Des signes d’inflammation ont également été notés, bien que dans une moindre mesure, dans l’insula (ou cortex insulaire), qui joue un rôle dans la régulation de la fonction émotionnelle, et dans le cortex préfrontal, impliqué dans les processus cognitifs liés au comportement.
Le Dr Talbot souligne qu’une autre étude, publiée en 2015 par le Dr Elaine Setiawan de l’Université de Toronto au Canada, a révélé des liens similaires entre l’inflammation cérébrale et les épisodes dépressifs sévères.
« Le champ a maintenant deux rapports indépendants – notre étude et celle de Setiawan et ses collègues à Toronto – montrant essentiellement la même chose : qu’il existe des preuves d’inflammation, plus spécifiquement d’activation microgliale, dans le cerveau des patients vivants pendant un épisode de dépression majeure », ajoute le Dr Talbot.
Il conclut que les résultats de l’étude actuelle justifient « d’autres recherches pour déterminer si les nouveaux traitements qui réduisent l’activation microgliale peuvent être efficaces dans la dépression majeure et la suicidalité ».
Perspectives et recherches futures
En 2024, il est crucial de poursuivre les investigations sur le lien entre l’inflammation cérébrale et la dépression. De nouvelles études pourraient explorer les mécanismes sous-jacents à cette activation microgliale, ainsi que l’impact potentiel des traitements anti-inflammatoires sur les symptômes dépressifs et suicidaires.

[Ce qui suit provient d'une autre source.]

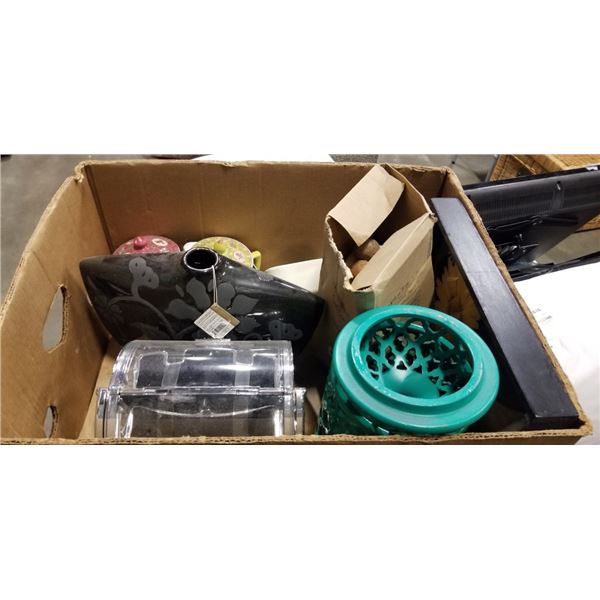 LOT OF ESTATE GOODS - VASE, SUNGLASS DISPLAY, TEACUPS, CLOCK, ETC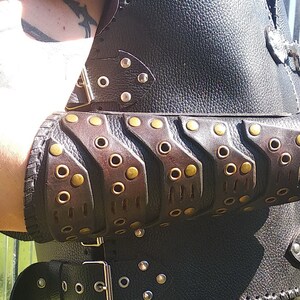 Archery Bracer, Armguard, Steampunk Bracer, Leather Armguard, Leather Wristband, Leather Bracelet. Bracer in post-apocalyptic style.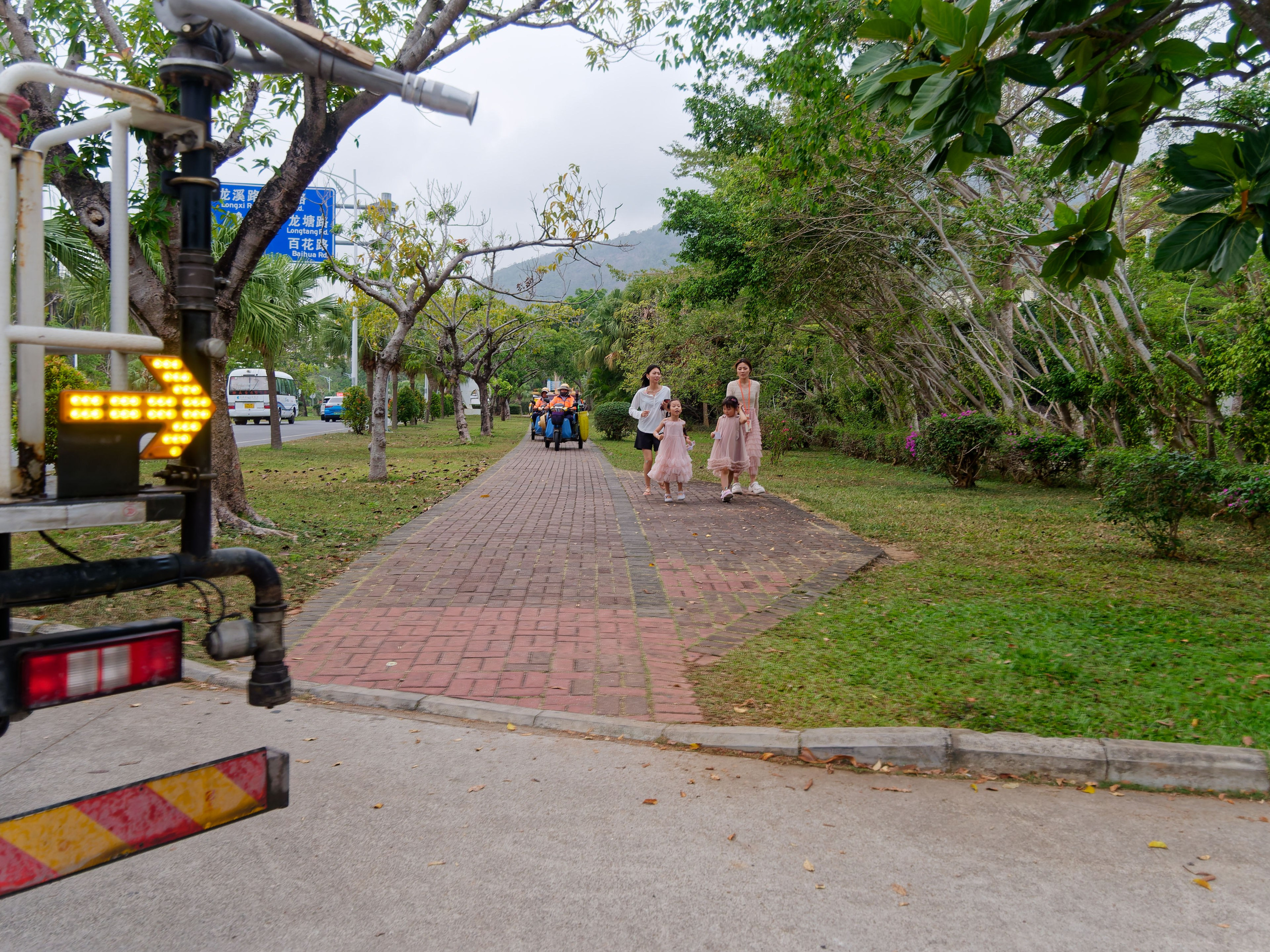 Хайнань 2026, «Food Street» ночная улица еды в Ялунване. Фотопрогулки по Миру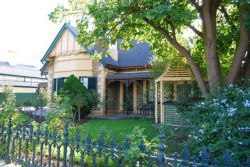 Treasured Memories Accommodation - Sydney 4u 2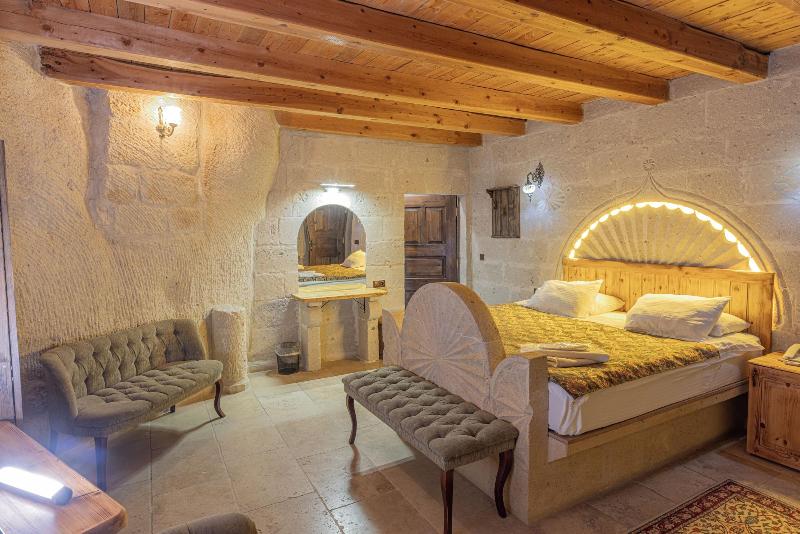 Zeus Cave Suites image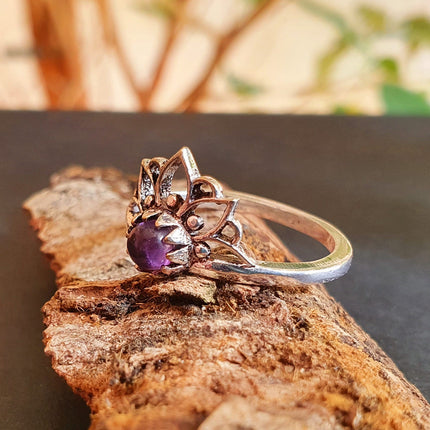 Amethyst Silver Ring Lotus Flower / Boho / Ethnic / Rustic / Tribal / Gypsy / Festival / Indian / Healing / Festival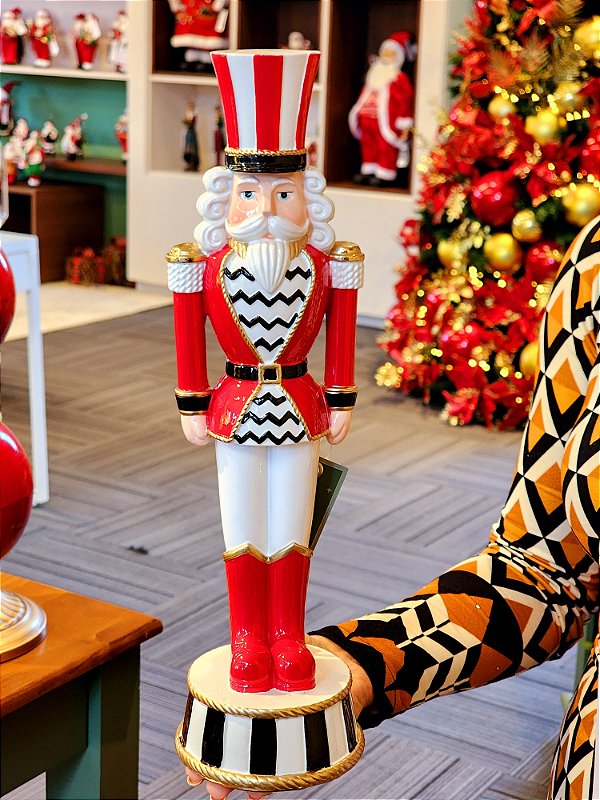 SOLDADINHO DE CHUMBO DE LUXO EM RESINA VERMELHO E BRANCO 37CM - PRÉ VENDA 2025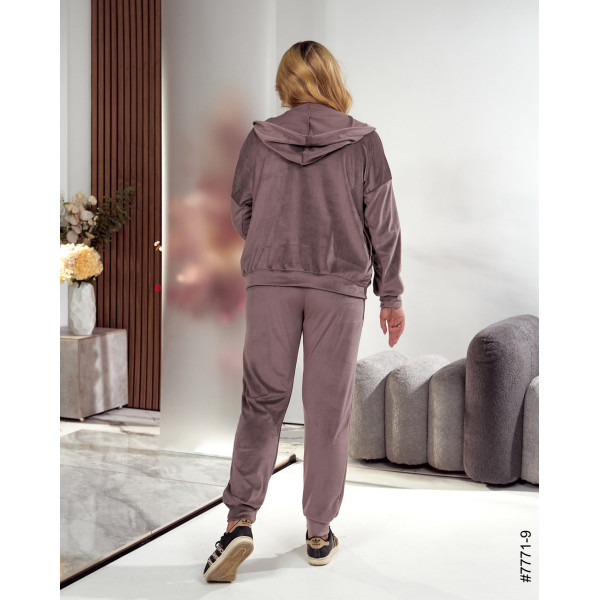 7771-9 Спортивний костюм жіночий велюр напівбатал (3 од: 48,50,52)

Les recherches devraient également se concentrer sur l’identification de biomarqueurs spécifiques permettant de mieux cibler les patients à risque, facilitant ainsi une approche plus personnalisée des soins en santé mentale.
Des essais cliniques sont nécessaires pour évaluer l’efficacité des thérapies ciblant l’inflammation, offrant un nouvel espoir pour les millions de personnes touchées par la dépression majeure et les pensées suicidaires. En intégrant ces nouvelles perspectives, nous pouvons avancer vers une meilleure compréhension et un traitement plus efficace de ces conditions graves.